Lore Olympus, Volume Five
A stylish and contemporary reimagining of one of the best-known stories in Greek mythology. It is Persephone’s birthday, and she receives the ultimate gift: Hades confesses his desire for her, leading to their first kiss. But that doesn’t necessarily make things easier for the goddess of spring, who is still in over her head in gossip-driven Olympus. Persephone feels intense guilt over the official breakup between Hades and Minthe, she is struggling to find her footing in her fast-paced job, and — worst of all — the shades of her past are slowly coming to light. After an unexpected encounter with Apollo, Persephone flees into the depths of the Underworld. Concerned for her safety and determined to find her, Hades must team up with Artemis, Eros, and Hera, but they’re working against a ticking clock. Zeus knows about the bloody secret in Persephone’s past, and now the furious king of the gods will stop at nothing to bring her to justice
Diaries of War: Two Visual Accounts from Ukraine and Russia
Ten Speed Graphic
Immediately following Russia’s invasion of Ukraine in February 2022, Nora Krug connected with two anonymous subjects—“K.,” a Ukrainian journalist, and “D.,” a Russian artist—and began what would become a year of correspondence. Diaries of War transforms Krug’s weekly communications with K. and D. into an intimate, illustrated epistolary format. With millions of Ukrainians displaced, injured, or killed as a result of the conflict, Krug provides a personal look at the sorrowful effects of war on an individual level—such as loss of resources, emotional and existential distress, displacement and disconnection.
I Must Be Dreaming
Ancient Greeks, modern seers, Freud, Jung, neurologists, poets, artists, shamans—humanity has never ceased trying to decipher one of the strangest unexplained phenomena we all experience: dreaming. Now, in her new book, Roz Chast illustrates her own dream world, a place that is sometimes creepy but always hilarious, accompanied by an illustrated tour through “Dream-Theory Land” guided by insights from poets, philosophers, and psychoanalysts alike. Illuminating, surprising, funny, and often profound, I Must Be Dreaming explores Roz Chast’s newest subject of fascination—and promises to make it yours, too.
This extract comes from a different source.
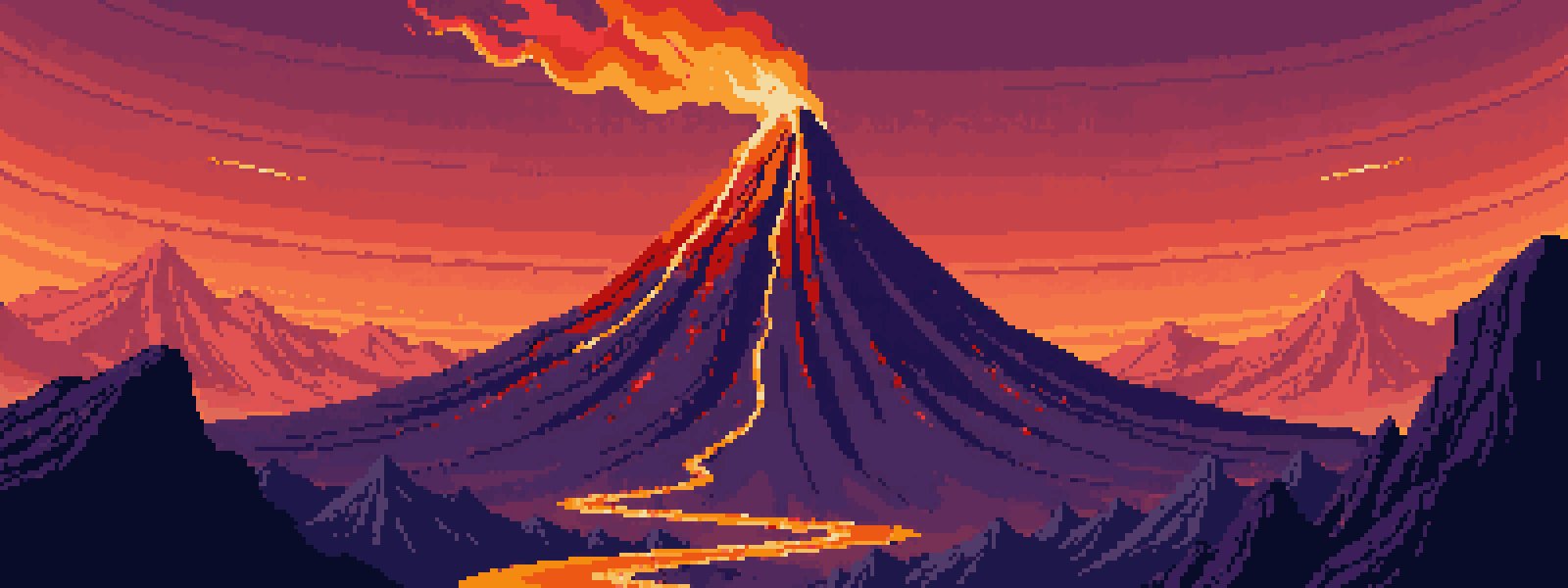 Pixel-art illustration of a dragon peak scene for the Ironbarrow post: Barbarian camps and raids: loot, trophies and keeping your capital safe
Jillian Tamaki, Mariko Tamaki
Drawn and Quarterly
Over the course of a much-anticipated trip to New York, an unexpected fling blossoms between casual acquaintances and throws a long-term friendship off-balance. Emotional tensions vibrate wildly against the resplendently illustrated backdrop of the city, capturing a spontaneous queer romance in all of its fledgling glory. Slick attention to the details of a bustling, intimidating metropolis are softened with a palette of muted pastels, as though seen through the eyes of first-time travelers. The awe, wonder, and occasional stumble along the way come to life with stunning accuracy. Roaming is the third collaboration from the critically acclaimed team behind Skim and Governor General’s Literary Award winner This One Summer. Moody, atmospheric, and teeming with life, the magic of this comics duo leaks through the pages with lush and exquisite pen work. The Tamakis’ singular, elegant vision of an urban paradise slowly revealing its imperfections to the tune of its visitors’ rhythms is a masterpiece—a future classic for generations to come.
Jillian Tamaki, Mariko Tamaki
Drawn and Quarterly
When Edel was nine, Fidel Castro announced his surprising decision to let 125,000 traitors of the revolution, or “worms,” leave the country. The faltering economy and Edel’s family’s vocal discomfort with government surveillance had made their daily lives on a farm outside Havana precarious, and they secretly planned to leave. But before that happened, a dozen soldiers confiscated their home and property and imprisoned them in a detention center near the port of Mariel, where they were held with dissidents and criminals before being marched to a flotilla that miraculously deposited them, overnight, in Florida. Through vivid, stirring art, Worm tells a story of a boyhood in the midst of the Cold War, a family’s displacement in exile, and their tenacious longing for those they left behind. It also recounts the coming-of-age of an artist and activist, who, witnessing American’s turn from democracy to extremism, struggles to differentiate his adoptive country from the dictatorship he fled. Confronting questions of patriotism and the liminal nature of belonging, Edel Rodriguez ultimately celebrates the immigrants, maligned and overlooked, who guard and invigorate American freedom.